Kedua, Membahayakan bagi Keselamatan Berlalu Lintas
Sapi-sapi yang dilepas secara liar kerap kali melintasi dan tiba-tiba menyeberangi jalan raya maupun di jalan-jalan desa yang dilalui kendaraan bermotor. Kasus kecelakaan lalu lintas akibat sapi tiba-tiba menyeberang jalan sudah sering kali terjadi di Kabupaten Dompu. Apalagi di malam hari saat gelap para pengguna jalan harus ekstra hati-hati.
Ketiga, Merugikan Peternak Sendiri
Pelepasan ternak secara liar merugikan peternak sendiri. Kejadian sebagaimana disebutkan di atas sering terjadi. Ternak yang dilepas mati akibat melahirkan tanpa diketahui pemiliknya. Bisa juga karena keracunan atau karena penyakit yang tidak sempat ditangani oleh pemiliknya.
Sapi hilang karena kecurian juga sering terjadi.

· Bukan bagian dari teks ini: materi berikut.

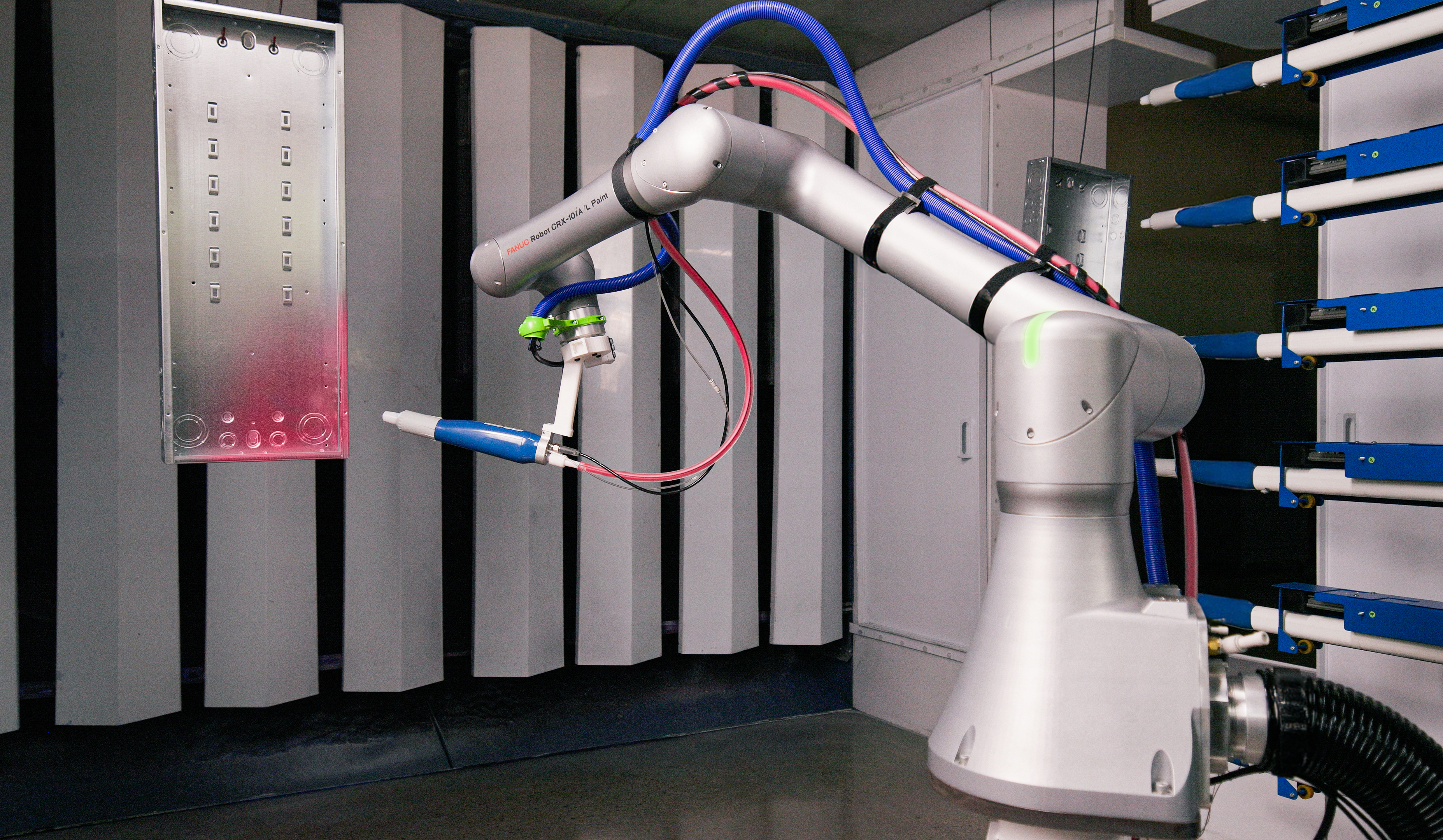 A white robotic paint-spraying arm with blue and red hoses, positioned near a slatted booth wall with a pink-tinted panel showing spray residue.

Hal ini jelas merugikan bagi pemilik ternak.
Keempat, Merusak Program Pelestarian Alam
Program reboisasi dan penghijauan di Kabupaten Dompu dalam upaya pelestarian alam sejak 10 tahun terakhir ini sudah banyak menghabiskan anggaran negara. Tetapi anggaran negara tersia-siakan begitu saja. Fakta membuktikan tingkat keberhasilannya sangat rendah kalau tidak mau disebut gagal total.
Mengapa hal itu bisa terjadi ?
Penulis mencermatinya karena beberapa faktor. Bisa karena faktor alam, faktor kelalaian manusia dan faktor pengrusakan oleh hewan ternak lepas liar. Di puncak musim kemarau, ternak yang dilepasliarkan semakin kesulitan mendapatkan makanan. Kulit-kulit tanaman muda seperti jati, gamelina, dan mahoni akhirnya jadi sasaran santapan. Apalagi jenis tanaman seperti mangga, nangka, klengkeng, atau sawo dan rambutan langsung disantap bersama daun dan batang-batangnya.

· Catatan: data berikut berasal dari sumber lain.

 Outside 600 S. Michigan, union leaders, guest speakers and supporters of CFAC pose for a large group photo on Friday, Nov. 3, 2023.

Melihat plus minus di atas, menurut hemat penulis, Pemkab Dompu melalui dinas terkait harus melakukan langkah yang lebih modern dalam pengembangan ternak sapi ini. Masyarakat harus diedukasi untuk melakukan pengembangan peternakan dengan sistem perkandangan. Sistem perkandangan jauh lebih menguntungkan, efektif dan efisien dibandingkan dengan pelepasan liar. Apalagi sumber pakan dari limbah pertanian sangat berlimpah ruah dan selama ini terbuang begitu saja tanpa dimanfaatkan. Semoga bermanfaat!.